**About this exercise**
Transcribe, starting at the line with "Wnętrze małego pokoju" and ending at the line with "Smiling little girl in white headphones", every line of the material below exactly, but leave out the pictures and anything outside that span.

**Supplied data**
********************

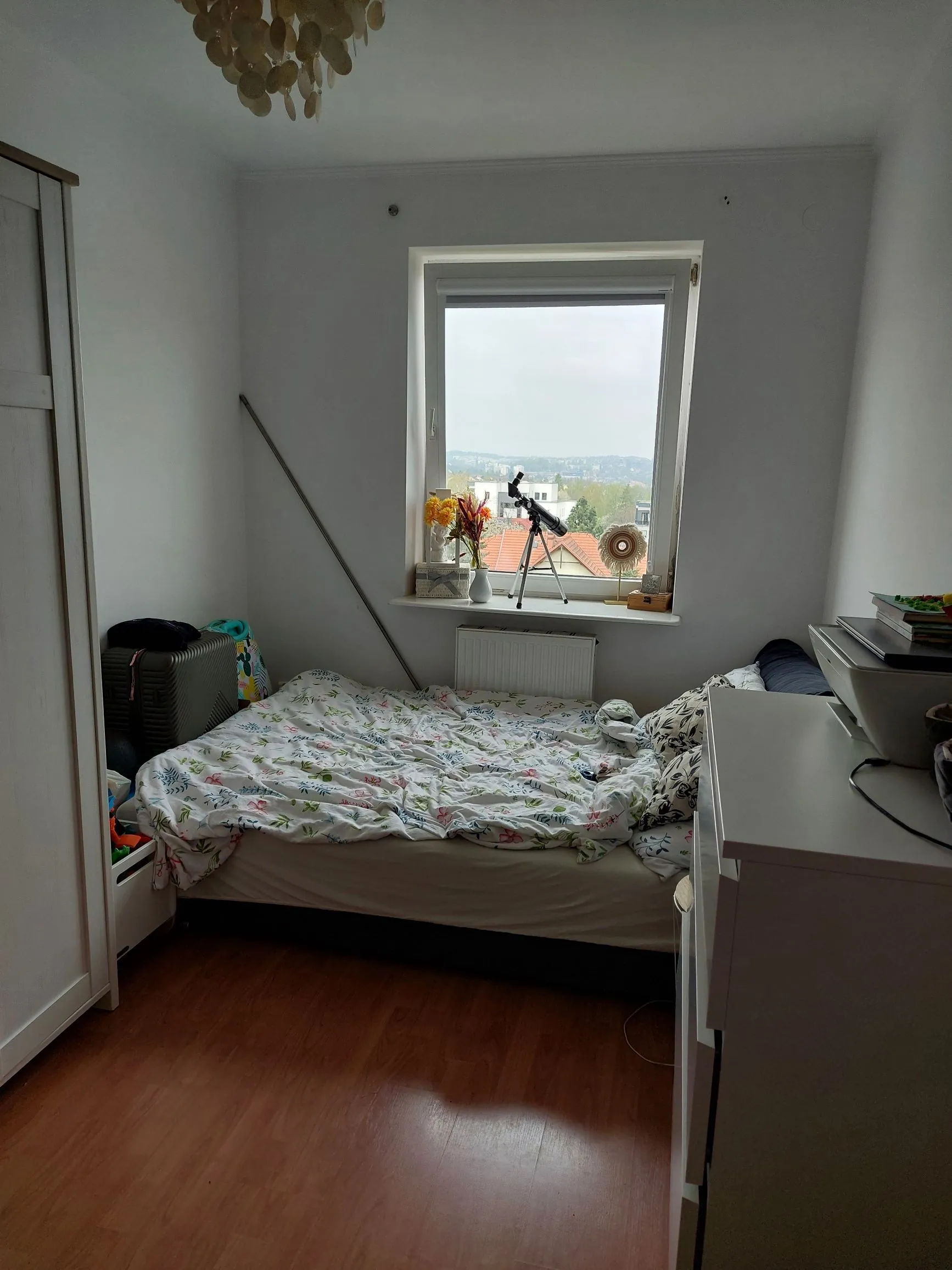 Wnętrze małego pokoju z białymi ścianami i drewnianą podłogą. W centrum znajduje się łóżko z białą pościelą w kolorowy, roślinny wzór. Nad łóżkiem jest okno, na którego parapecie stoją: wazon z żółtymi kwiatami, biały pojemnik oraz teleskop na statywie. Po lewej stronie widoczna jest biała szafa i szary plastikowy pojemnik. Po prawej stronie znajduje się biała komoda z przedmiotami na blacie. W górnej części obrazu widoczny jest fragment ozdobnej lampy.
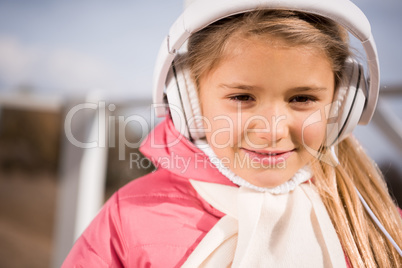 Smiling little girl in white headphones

********************

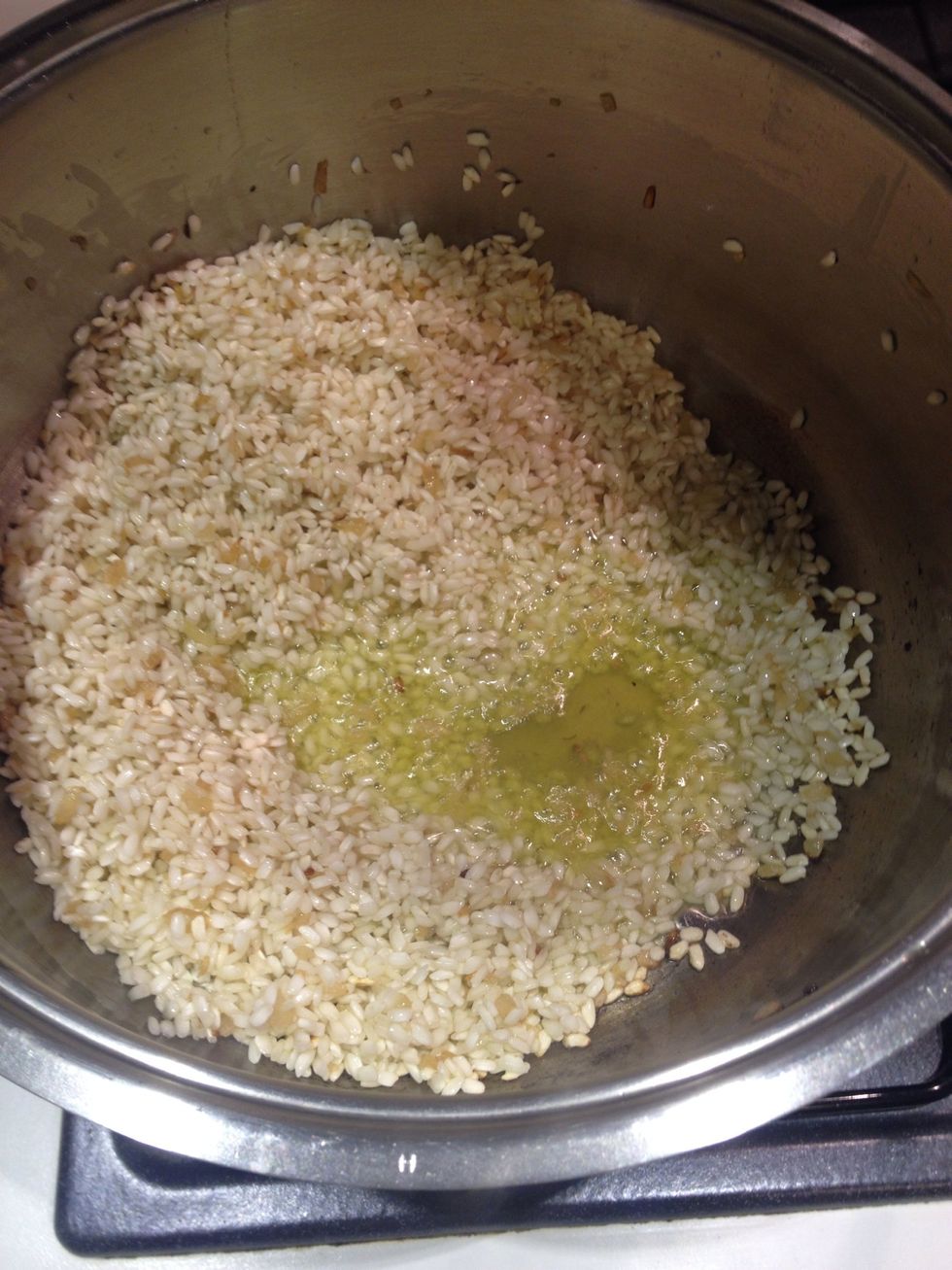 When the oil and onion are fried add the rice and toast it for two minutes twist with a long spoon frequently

********************

**Response to this task**
 Wnętrze małego pokoju z białymi ścianami i drewnianą podłogą. W centrum znajduje się łóżko z białą pościelą w kolorowy, roślinny wzór. Nad łóżkiem jest okno, na którego parapecie stoją: wazon z żółtymi kwiatami, biały pojemnik oraz teleskop na statywie. Po lewej stronie widoczna jest biała szafa i szary plastikowy pojemnik. Po prawej stronie znajduje się biała komoda z przedmiotami na blacie. W górnej części obrazu widoczny jest fragment ozdobnej lampy.
 Smiling little girl in white headphones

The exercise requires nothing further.